Neue Leitlinie zur Behandlung von Tauchunfällen

Im April 2015 haben die Gesellschaft für Tauch und Überdruckmedizin (GTÜM) und die Schweizerische Gesellschaft für Unterwasser- und Hyperbarmedizin (SUHMS) ihre aktuelle Leitlinie Tauchunfall veröffentlicht. Zeit einen Blick in dieses seltene aber spannende Themengebiet zu werfen.


S2k Leitlinie Tauchunfall 2014-2017: AWMF Nr. 072-001

Tauchen zählt sowohl im Ausland, als auch im Inland zu einem der beliebtesten Freizeitsportarten. Trotz einer gut geregelten Ausbildung kommt es dennoch immer wieder zu Unfällen während des Tauchens. Die Versorgung beinhaltet dabei nicht nur Taucher aus den heimischen Tauchrevieren, sondern auch Urlauber nach ihrer Rückkehr aus den verschiedenen Tauchgebieten. Vor allem Rettungsdienstbereiche in Flughafennähe sollten deshalb zumindest mit den Grundlagen der Behandlung eines Tauchunfalls vertraut sein. Prinzipiell erfolgt die Behandlung von Patienten symptomorientiert. Dennoch sollten einige Punkte beachtet oder in Erwägung gezogen werden.

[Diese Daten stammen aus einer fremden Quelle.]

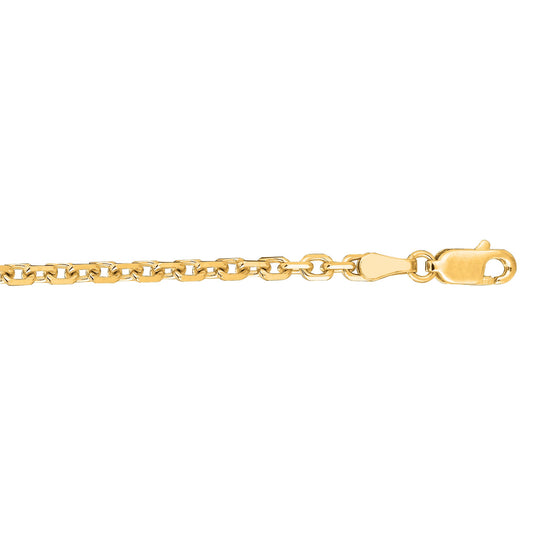 Royal Chain 14K Gold 2.6mm Classic Cable Chain CAB070
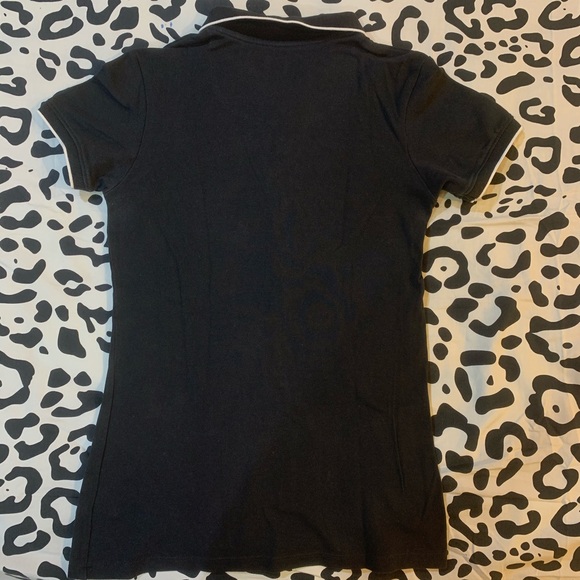 Aeropostale Black Polo T-shirt - Picture 4 of 5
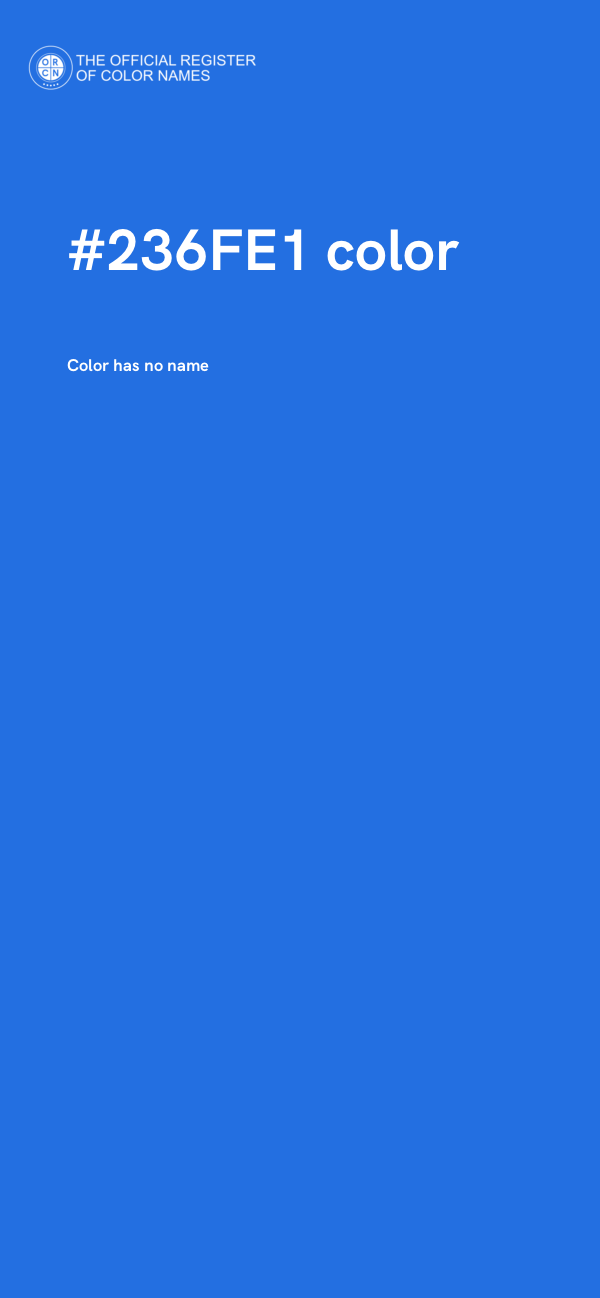 #236FE1 color image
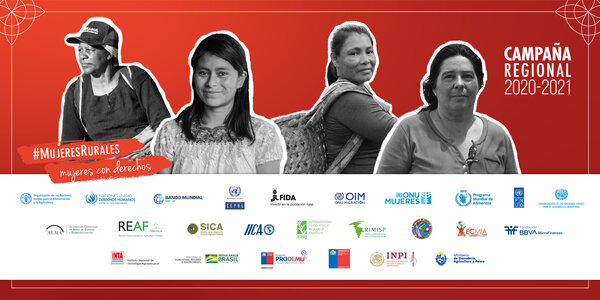 Banner Campaña Mujeres Rurales de America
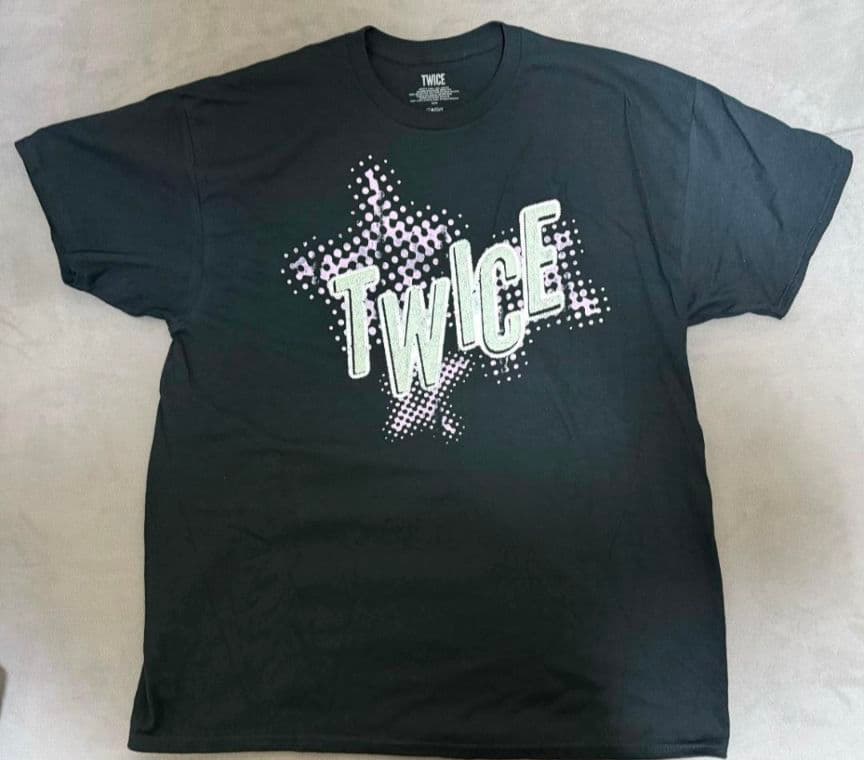 TWICE Lollapalooza 2025 ブラックTシャツ X L 新品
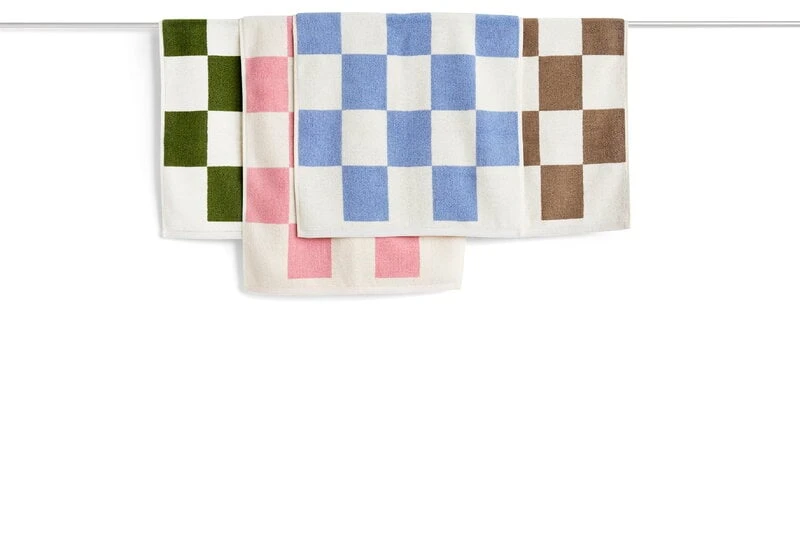 HAY Tapis De Bain Check, Bleu Ciel 4 HAY Tapis De Bain Check, Bleu Ciel – Image 4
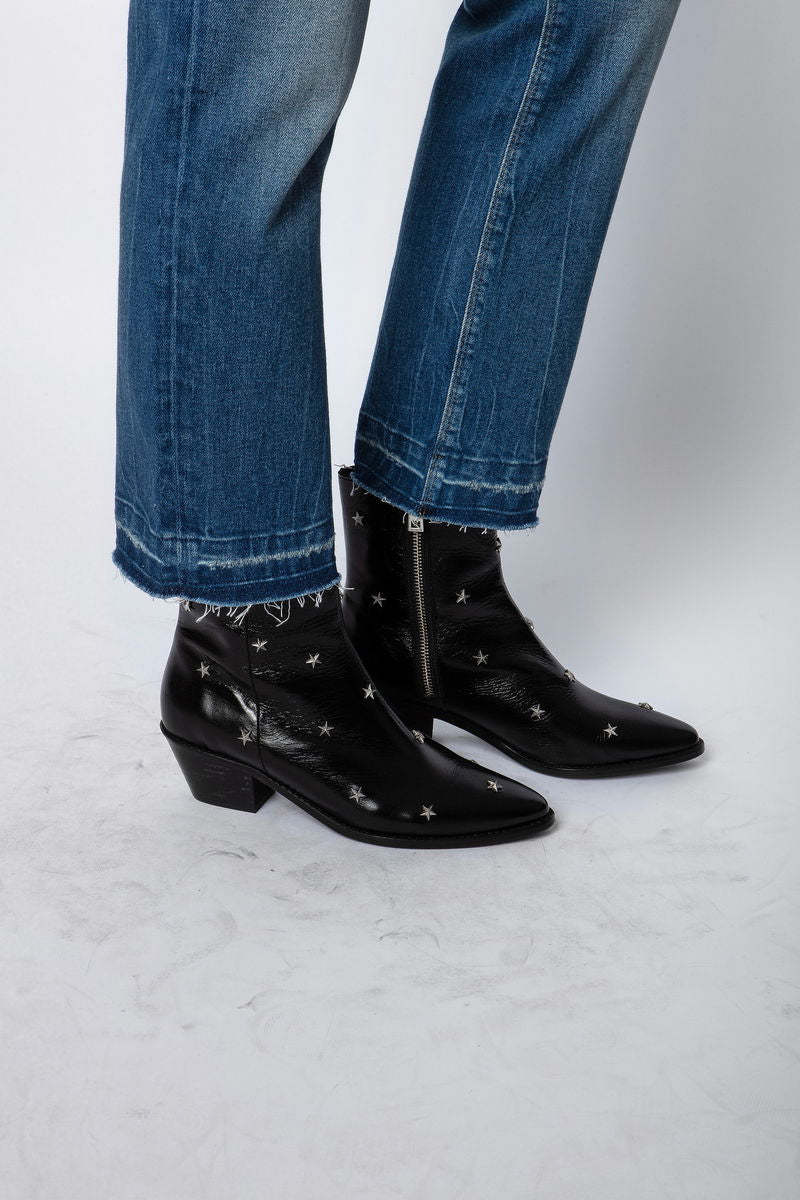 Bottines Tyler Vintage Stars en cuir - Noir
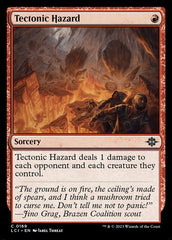 Risco Tectônico / Tectonic Hazard - Magic: The Gathering - MoxLand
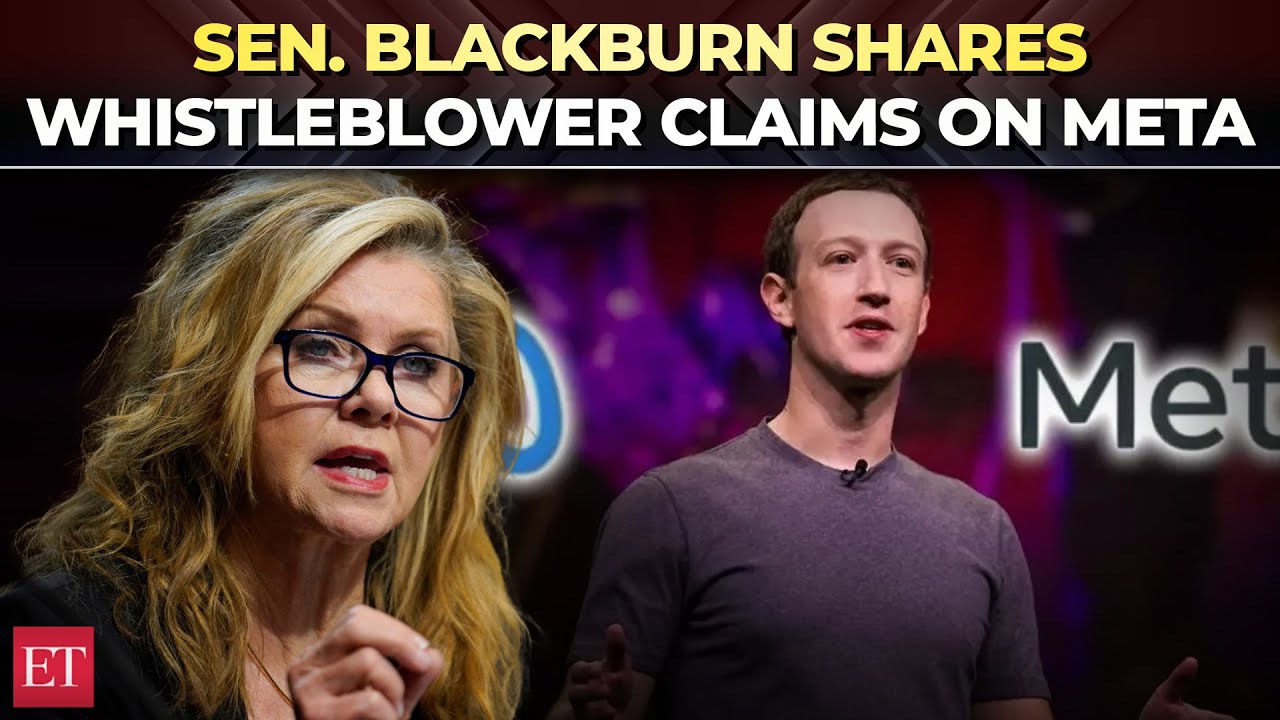 'Preying on children...': Blackburn shares concerning whistleblower allegations on Zuckerberg's Meta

Wir wollen hier eine Übersicht über die wichtigsten Eckpfeiler der Primärversorgung geben:

Sauerstoff
Basismaßnahme ist unverändert die frühzeitige und konsequente Gabe von 100% Sauerstoff. Hierdurch soll eine schnellstmögliche Abatmung des Stickstoffs aus dem Blut gewährleistet werden.

CPAP
Neu in die Leitlinie aufgenommen wurde die Anwendung der CPAP-Beatmung aufgrund der guten Verfügbarkeit im Rettungsdienst. Ein Barotrauma der Lunge (Pneumothorax) sieht die Leitlinie allerdings nur als relative Kontraindikation an.

Flüssigkeitsapplikation
Prinzipiell sollen Patienten eine moderate Flüssigkeitsmenge von 0,5-1 L/h erhalten. Bei stabilen und wachen Patienten kann dies oral erfolgen. Dabei sollen vor allen isotonische, kohlensäurefreie Getränke verwendet werden. Im Rettungsdienst kann die Flüssigkeitsapplikation in Form von i.v.-Vollelektrolytlösungen erfolgen.

Lagerung
Aktuell besteht keine Einigkeit darüber ob der Oberkörper hoch oder tief gelagert werden soll. Bei der Hochlagerung konnte in tierexperimentellen Studien eine erhöhte Gefahr für das Auftreten von zerebralen Embolien nachgewiesen werden. Im Gegensatz dazu kann die Beeinträchtigung des venösen Abfluss bei der Tieflagerung das Risiko eines Hirnödems erhöhen. Obwohl es nicht explizit in den Leitlinien erwähnt wird, scheint eine Flachlagerung sinnvoll sein.
Da Erschütterungen und Vibrationen das Ausgasen von Stickstoff aus dem Blut begünstigen können, sollten Patienten möglichst wenig bewegt und erschütterungsarm transportiert werden.